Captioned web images
....................

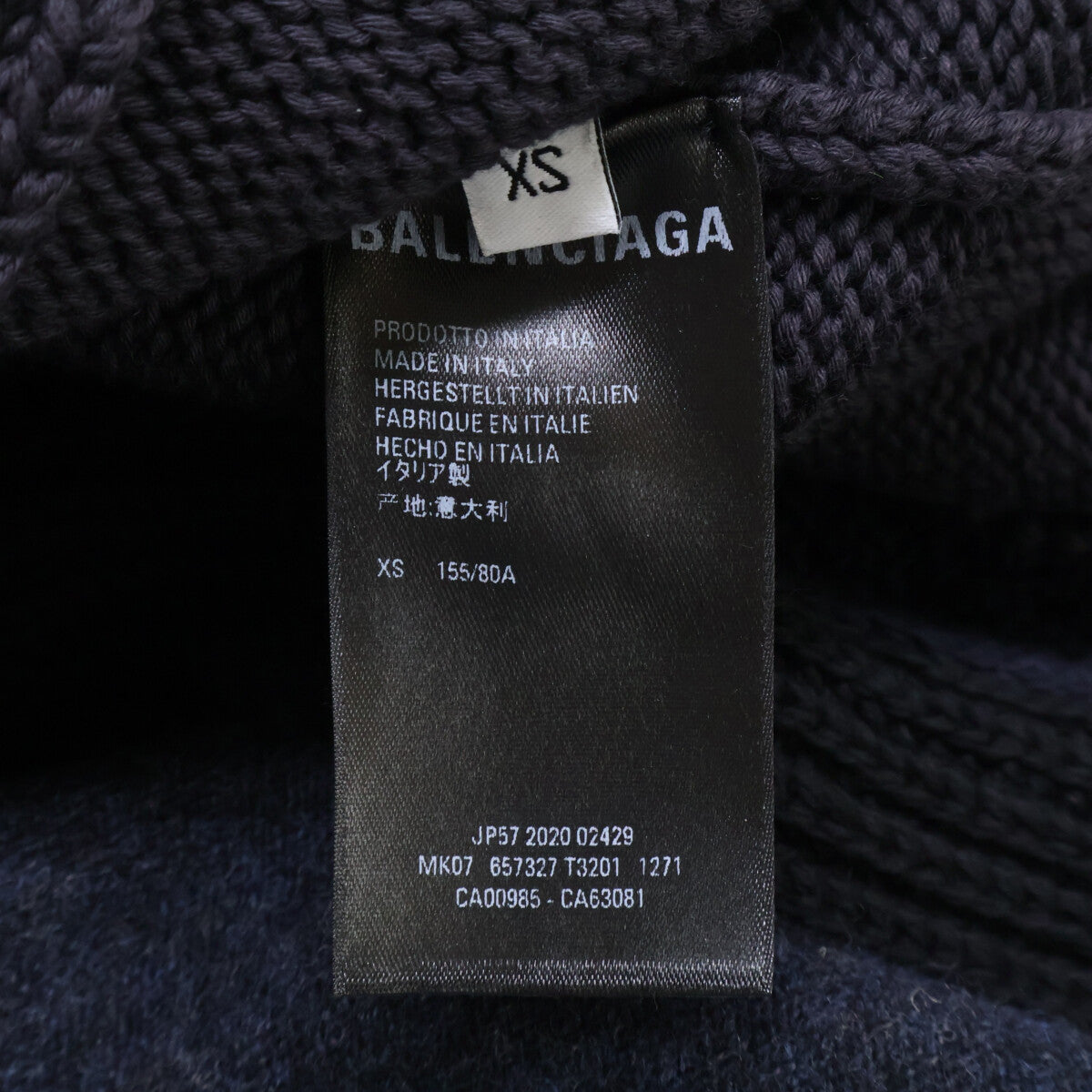 BALENCIAGA [Domestic authentic] 657327 Striped Fringe V-Neck Knit Sweater Top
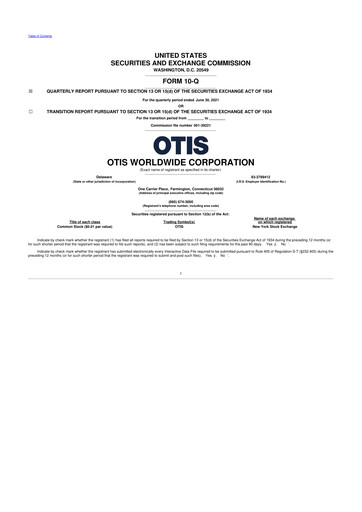 Thumbnail Otis Worldwide 10-Q Quarterly Report FY2021 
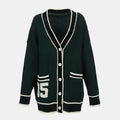 Custom Oversized V Neck Ladies Knitted Cardigan Sweater Logo Chenille Embroidery Letters Women Cardigan With Pockets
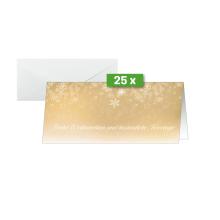 Orange Christmas Card, Snowflake Pattern, Text: Merry Christmas and Merry Holidays, Pack of 25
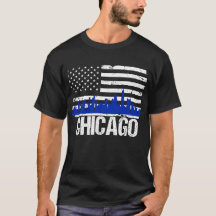 Chicago Skyline Distressed American Flag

....................

Apart from the pictures, write every entry out again exactly.

◆ **RESULT FOR THIS TASK**:
 BALENCIAGA [Domestic authentic] 657327 Striped Fringe V-Neck Knit Sweater Top
 Thumbnail Otis Worldwide 10-Q Quarterly Report FY2021 
 Custom Oversized V Neck Ladies Knitted Cardigan Sweater Logo Chenille Embroidery Letters Women Cardigan With Pockets
 Orange Christmas Card, Snowflake Pattern, Text: Merry Christmas and Merry Holidays, Pack of 25
 Chicago Skyline Distressed American Flag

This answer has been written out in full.